Récemment, l'ancienne star suisse Fabio Celestini s'est entretenue avec la FIFA au sujet du parcours de la Suisse jusqu'en quarts de finale de la Coupe du monde et de la manière dont ils doivent contenir Lionel Messi et ses coéquipiers argentins.

Peu de gens comprennent mieux que Fabio Celestini les forces internes qui propulsent l'équipe suisse.

L'ancien milieu de terrain international suisse a fait de multiples apparitions pour l'équipe nationale et faisait partie de l'équipe suisse pour l'Euro 2004. Il appartenait à une génération de joueurs qui ont aidé l'équipe nationale suisse à devenir progressivement une force stable sur la scène internationale. Ses analyses proviennent d'une expérience personnelle – une équipe qui se façonne constamment par la discipline, le multiculturalisme et la confiance en l'équipe.

Après sa retraite, la compréhension de Celestini du football suisse s'est approfondie grâce à son expérience d'entraîneur. Il a connu un succès exceptionnel en tant qu'entraîneur, dirigeant plusieurs clubs suisses et laissant une marque profonde à Bâle, guidant l'équipe à travers des moments difficiles et remportant finalement le championnat.

Combinant ses expériences en tant que joueur et entraîneur, Celestini s'est entretenu avec la FIFA au sujet du quart de finale de la Coupe du monde de la Suisse contre l'Argentine, de la tâche de contenir Messi et des raisons pour lesquelles cette équipe aborde un autre défi international majeur avec une confiance inébranlable.

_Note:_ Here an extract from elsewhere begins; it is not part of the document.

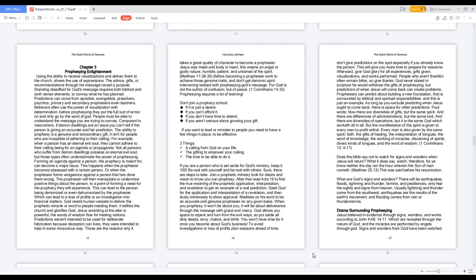Paul wrote: Now there are diversities of gifts, but the same Spirit. And there are differences of administrations, but the same Lord. And there are diversities of operations, but it is the same God which worketh all in all. But the manifestation of the Spirit is given to every man to profit with all.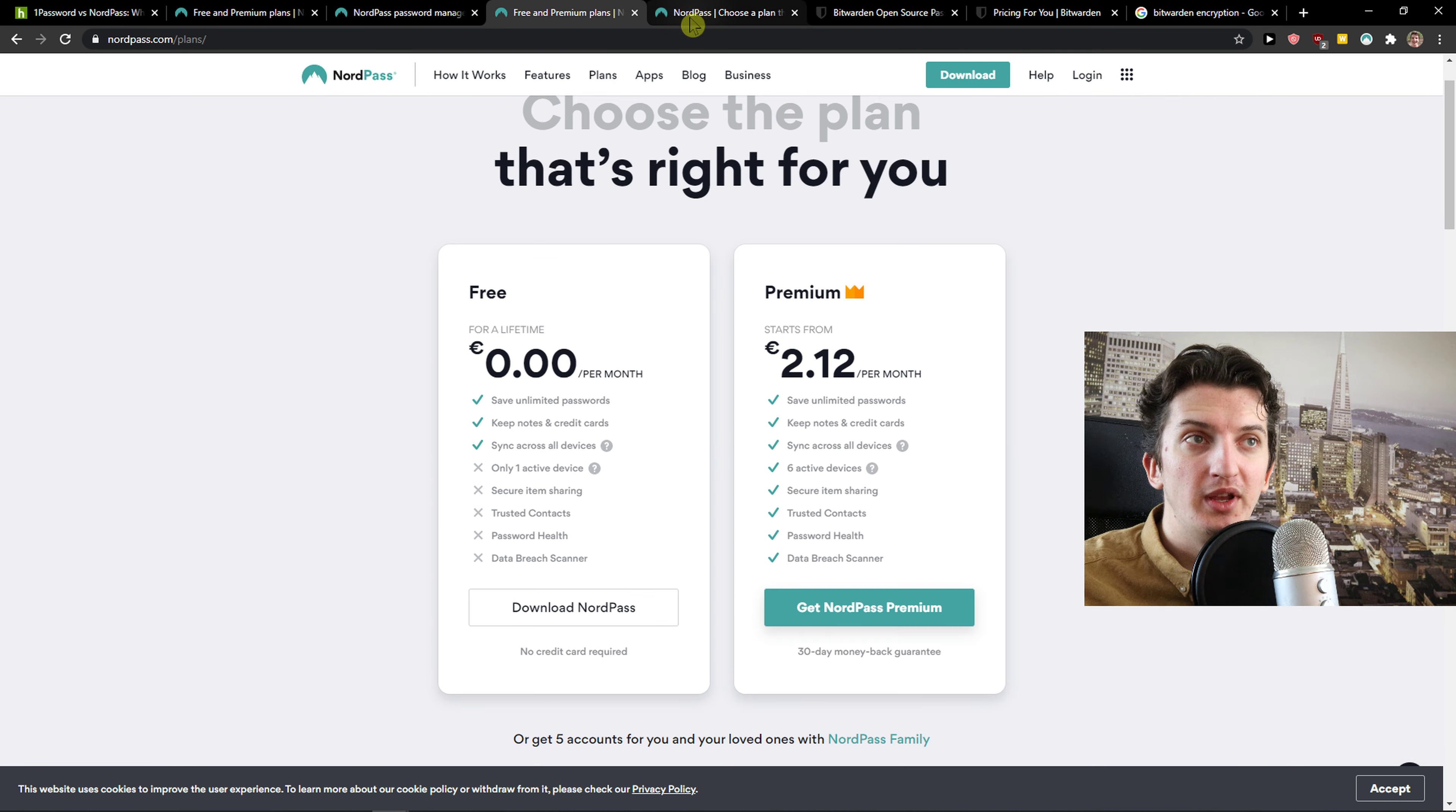On the other hand, Bitwarden, you can use it free forever, sharing for two users, limit two collections and look at this, access to all Bitwarden apps, sign all your devices. So right now Bitwarden is winning in a free app only because you can use it on mobile, you can use it everywhere and voila. So that's amazing.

En tant que joueur qui a représenté la Suisse 35 fois et a été témoin du développement du football suisse de première main, quelle est, selon vous, la plus grande force de l'équipe nationale ?

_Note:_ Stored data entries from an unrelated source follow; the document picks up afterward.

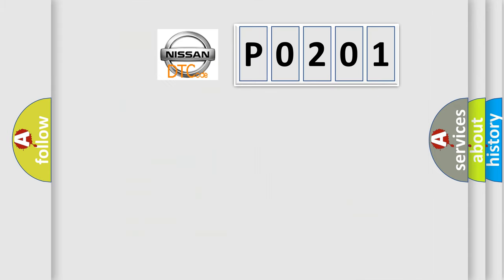So, what does the diagnostic trouble code P0201 interpret specifically for Nissan car manufacturers?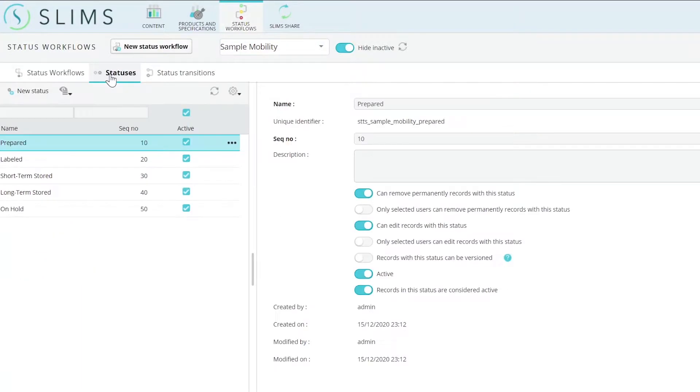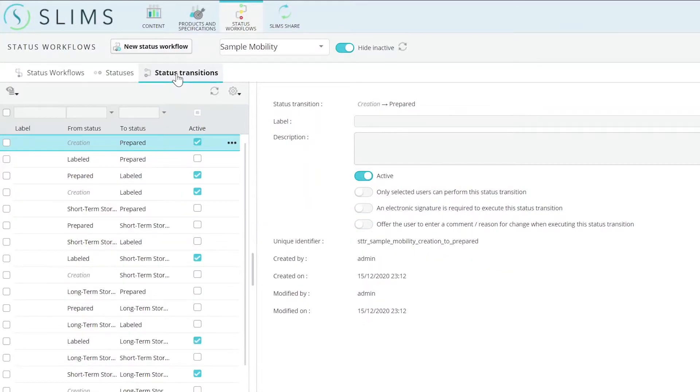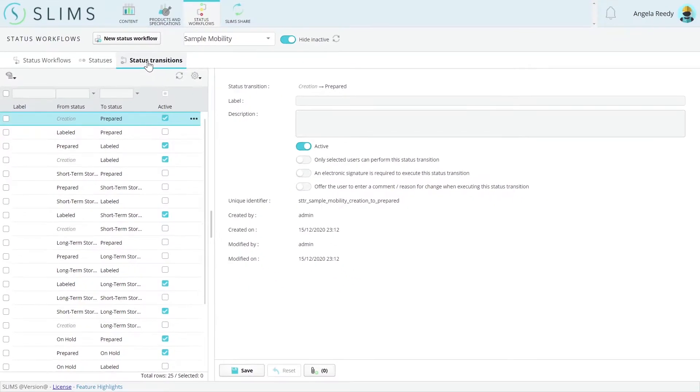Likewise, all possible statuses and status transitions were moved into this module to support your instance, whether you are upgrading or starting from scratch. These tabs allow custom status workflows to be created.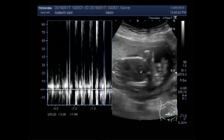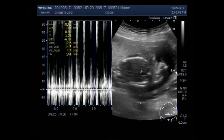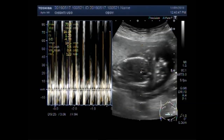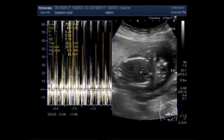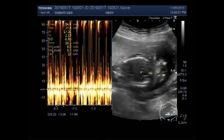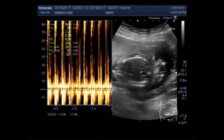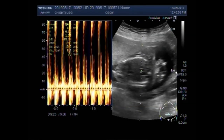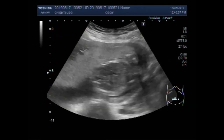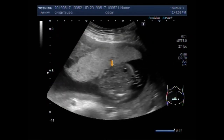Vital cardiac activity is visible and audible. You can see the placenta is anteriorly attached. This is the placenta.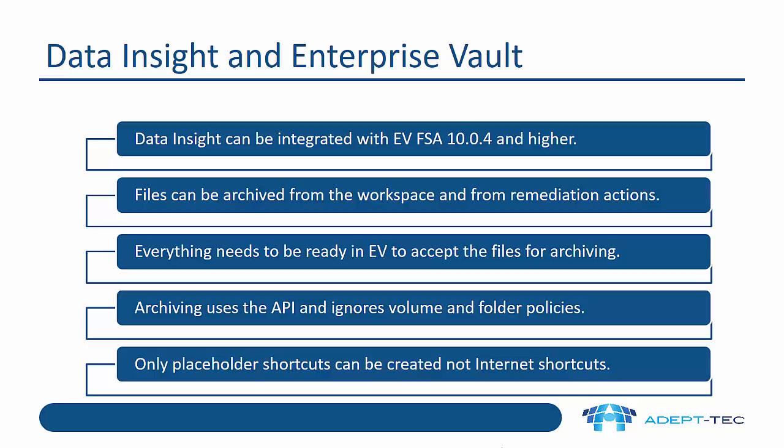It's very important to understand that everything needs to be already available in EV to accept the files for archiving. What I mean by that is we have to have created the file server targets, the volume targets, we also need to have created the archive points for all the areas where we're going to be doing archiving from Data Insight. If they're not available, then the archiving request from Data Insight will fail.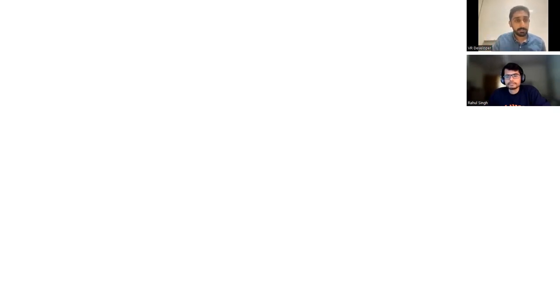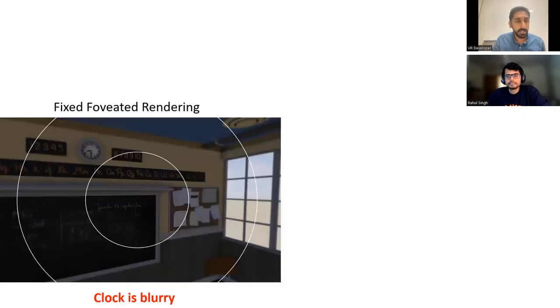Why don't you do foveated rendering? I did, but I can't keep looking in the middle of the screen all the time.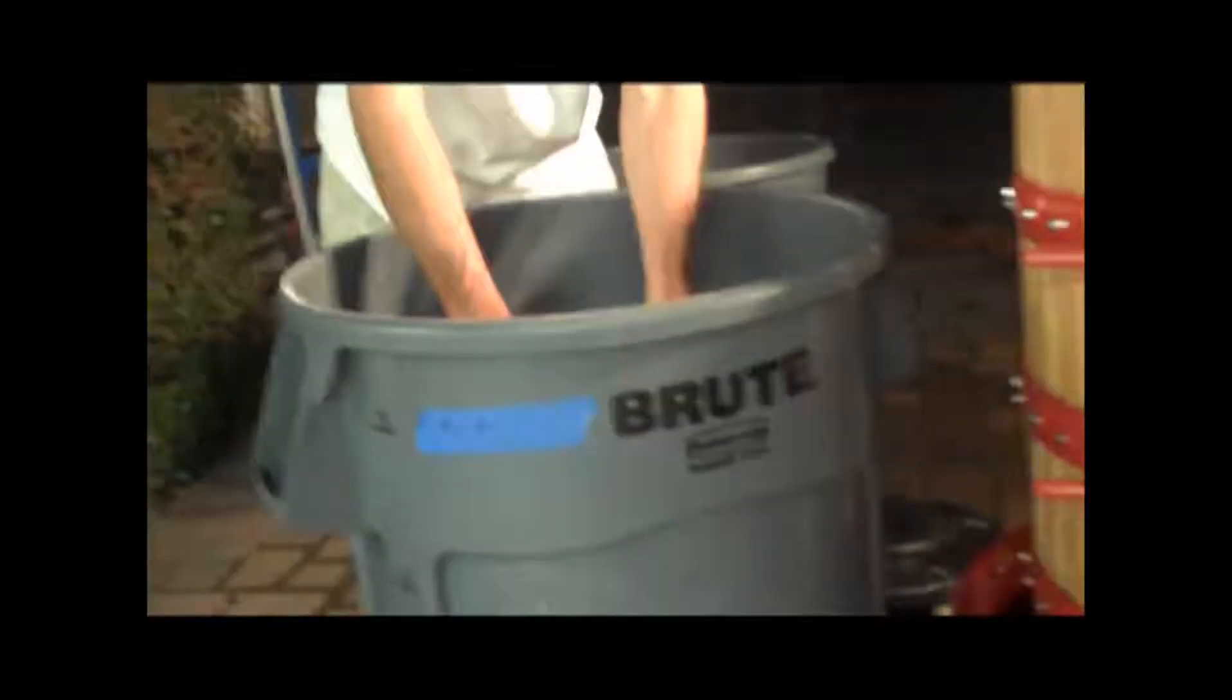So this is how we do it. Take our bucket and we grab some like this and pour it in. Grab some, pour it in. Grab some, pour it in. Grab some and pour it in.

Notre plus grande force est le multiculturalisme.

La Suisse est un pays où différentes langues et cultures coexistent naturellement, et pour les Suisses, cet environnement fait entièrement partie de la vie quotidienne.

Aujourd'hui, vous pouvez voir des situations similaires dans d'autres équipes nationales, mais le football suisse est influencé par cela depuis les années 1990, depuis plus de 30 ans maintenant.

Nous mélangeons les compétences organisationnelles et la discipline suisses : le souci du détail, la précision, le respect et un fort sens du système.

Bien sûr, parfois nous avons aussi besoin de plus de courage, de créativité et d'imprévisibilité, qui proviennent souvent de milieux culturels qui ne sont pas entièrement suisses.

Mes origines familiales sont italiennes, tandis que d'autres joueurs ont des origines espagnoles, albanaises ou autres.

Pour moi, le plus grand atout du football suisse est cette intégration culturelle et notre capacité à véritablement rassembler différentes cultures.

L'équipe suisse est un pilier des grands tournois internationaux depuis de nombreuses années et est restée constamment compétitive, ce qui n'est pas une mince affaire.

Pour un petit pays, la Suisse a créé une réalité footballistique remarquable.

Depuis 1994, ils ont rarement manqué une compétition internationale majeure, et cela ne doit en aucun cas être considéré comme acquis.

Parfois, j'entends des commentateurs en Italie ou en Espagne parler de la longue présence de la Suisse sur la scène mondiale comme si c'était une chose très ordinaire.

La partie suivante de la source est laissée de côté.